Akamai Technologies, which occupied building 500 and leased building 600, announced in a March 2002 press release that it would leave Tech Square. Akamai terminated its lease with a $15 million payment to MIT, releasing it “from a total lease liability of over $110 million,” according to an Akamai press release.

Akamai, which has leased nearby Eight Cambridge Center, had leased Building 500 through 2007 and Building 600 through 2012, said Caryn Brownell, a press relations representative for Akamai. “We saw an excellent opportunity to relocate and significantly lower our operating costs,” Brownell said.

Akamai President Paul Sagan estimated savings of “$8-10 million annually,” according to the March press release.

“It turned out to be win-win,” said Maguire. “It also gave MIT a significant amount of income.”
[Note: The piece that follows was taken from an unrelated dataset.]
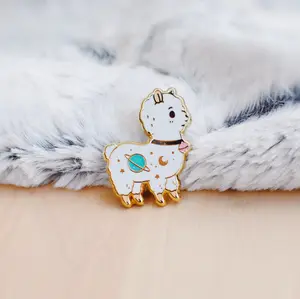 Galaxy Alpaca Enamel Pin, White with Glitter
Neither building that Akamai leased have been completely leased yet, but “we are working feverishly to get [the Institute for Soldier Nanotechnology] and Bioengineering into Building 500,” and fitness company FitCorp will move from its present space in the basement of building 500 to the first floor of 600.

In addition to a variety of high-technology and biotechnology firms at Tech Square, Building 600 houses a Kinko’s, and there are plans for a restaraunt in Building 300.

Maguire said “we are hopeful to have a new restaraunt ... we have a letter of intent.” Maguire said the restaraunt would be “white linen” and take up about 10,000 square feet.

Maguire said that including such businesses is part of their master plan, which includes an effort to attract more community activity. “We liked the Beacon plan,” he said, and “will continue to work with the original architects,” Sasaki and Perkins, Will, and Shaw.

MIT is “committed to continuing our work ... as a responsible member of the community," said MIT Executive Vice President John Curry in a January 2001 statement.

MIT acquired Technology Square from Beacon Capital Partners in February 2001 for $278.8 million, according to a Beacon statement. The 2001 MIT Treasurer’s Report indicates $289 million in real estate acquisitions.

Beacon also sold the Draper Laboratories building to Draper Labs in April 2000 for $72.5 million, the statement said. Beacon bought both the Draper building and Technology Square from Prudential Insurance Company of America in 1998 for $123 million, an earlier Beacon statement said.